In words: if the madman murders at step t and you are kidnapped, then Q_{t} is the probability that you are in batch t, exactly as assumed by the proportion-murdered argument.

We then have

\Pr\left(D\mid K\right)=\sum_{t=1}^{\infty}\Pr\left(M(t)\mid K\right)\cdot Q_{t};

that is, the probability we seek to determine is the weighted average of Q_{t} over all t.

So far every step of the proportion-murdered argument has checked out. However, the proportion-murdered argument also relies on a claim that Q_{t}\approx9/10 regardless of t. That is, if it is known that you are in one of the first t batches, it is highly likely that you are in batch t itself. If \pi_{u+1}=10\pi_{u} for 1\leq u < t, then Q_{t} does indeed work out to approximately 9/10. But, as previously noted, it cannot be true that \pi_{u+1}=10\pi_{u} for all u\geq1: the probabilities \pi_{u} can sum to 1 only if \pi_{u}\rightarrow0 as u\rightarrow0. From this we see that Q_{t}\rightarrow0 as t\rightarrow\infty.

Detail: fixing the proportion-murdered argument

Let’s carry out the rest of the analysis to verify that, even taking the proportion-murdered approach to the question, we still get an answer of 1/36.

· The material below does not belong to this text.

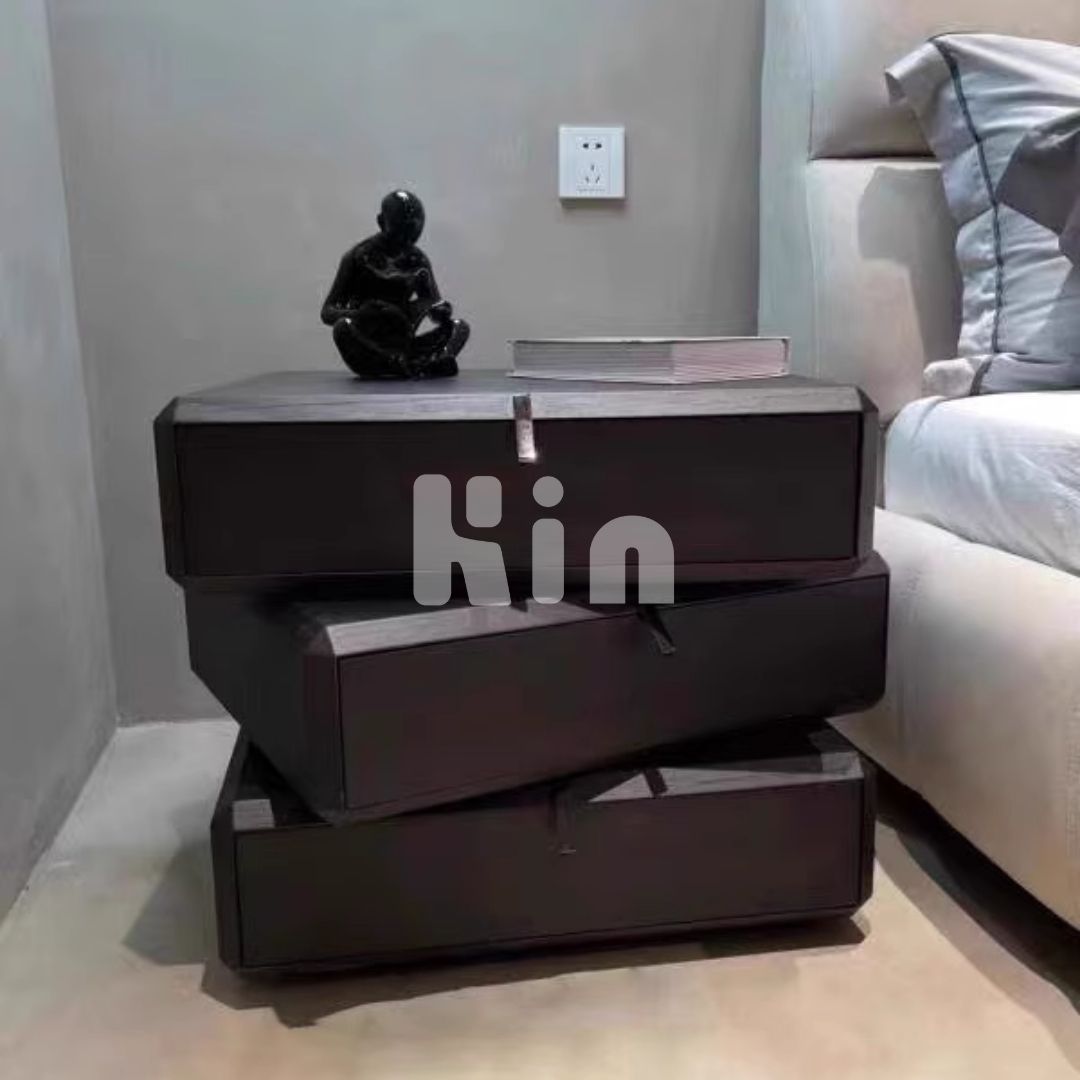 NTK008 - โต๊ะข้างเตียง (Night Table)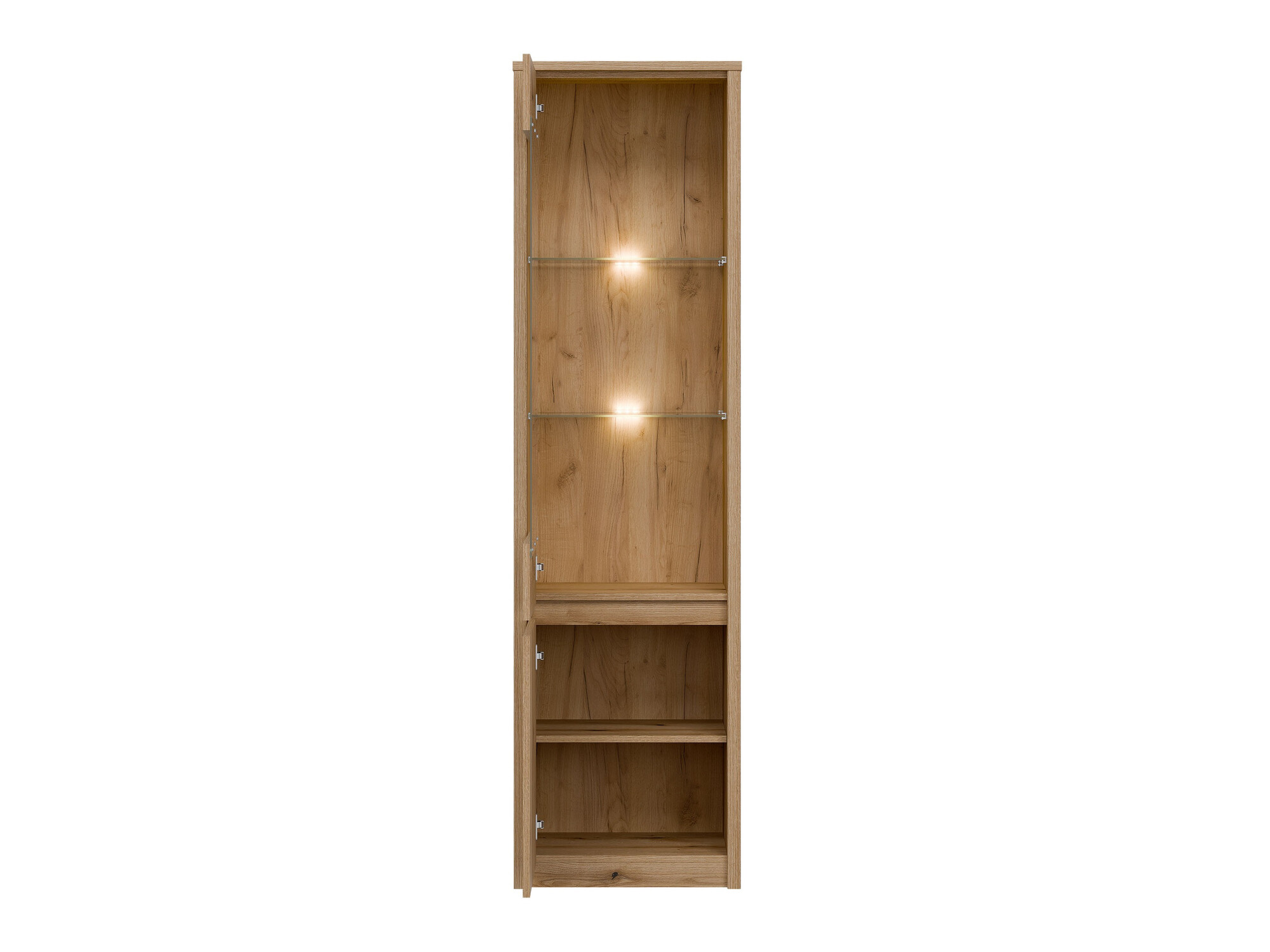 Bookcase Melmavo 106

First, some results we will need:

\begin{array}{rcl} \Pr\left(K\right) & = & \Pr\left(\neg\text{hm}\left(b\right)\right)\\ & = & \sum_{t=1}^{\infty}\Pr\left(\left(b=t\right)\,\&\,\neg\text{hm}\left(t\right)\right)\\ & = & \sum_{t=1}^{\infty}\Pr\left(b=t\right)\Pr\left(\neg\text{hm}\left(t\right)\right)\\ & = & \sum_{t=1}^{\infty}\pi_{t}\left(1-p\right)^{t-1} \end{array}

and

\begin{array}{rcl} \Pr\left(M(t)\,\&\, K\right) & = & \Pr\left(M(t)\,\&\,\left(b\leq t\right)\right)\\ & = & \Pr\left(M(t)\right)\cdot\Pr\left(b\leq t\right)\\ & = & p\left(1-p\right)^{t-1}\sum_{u=1}^{t}\pi_{u}. \end{array}

Then

\begin{array}{rcl} \Pr\left(M(t)\mid K\right)\cdot Q_{t} & = & \frac{\Pr\left(M(t)\,\&\, K\right)\cdot Q_{t}}{\Pr\left(K\right)}\\ & = & \frac{p\left(1-p\right)^{t-1}\pi_{t}}{\Pr\left(K\right)} \end{array}

and so

\begin{array}{rcl} \Pr\left(D\mid K\right) & = & \sum_{t=1}^{\infty}\Pr\left(M(t)\mid K\right)\cdot Q_{t}\\ & = & \sum_{t=1}^{\infty}\frac{p\left(1-p\right)^{t-1}\pi_{t}}{\Pr\left(K\right)}\\ & = & p\frac{\Pr\left(K\right)}{\Pr\left(K\right)}\\ & = & p\\ & = & \frac{1}{36}. \end{array}

Concluding comments

The take-away here is this: don’t trust purely verbal arguments when it comes to determining conditional probabilities. It is too easy to make mistakes, even for experts.

Experienced software developers take it for granted that any piece of code that hasn’t been tested is wrong. A similar attitude is warranted towards any argument involving conditional probabilities. The counterpart to testing code is to formalize the argument. In other words, do the math, justifying each step of the derivation by appeal to the laws of probability.

References

1. Aaronson, Scott (2013). Quantum Computing Since Democritus. Cambridge University Press.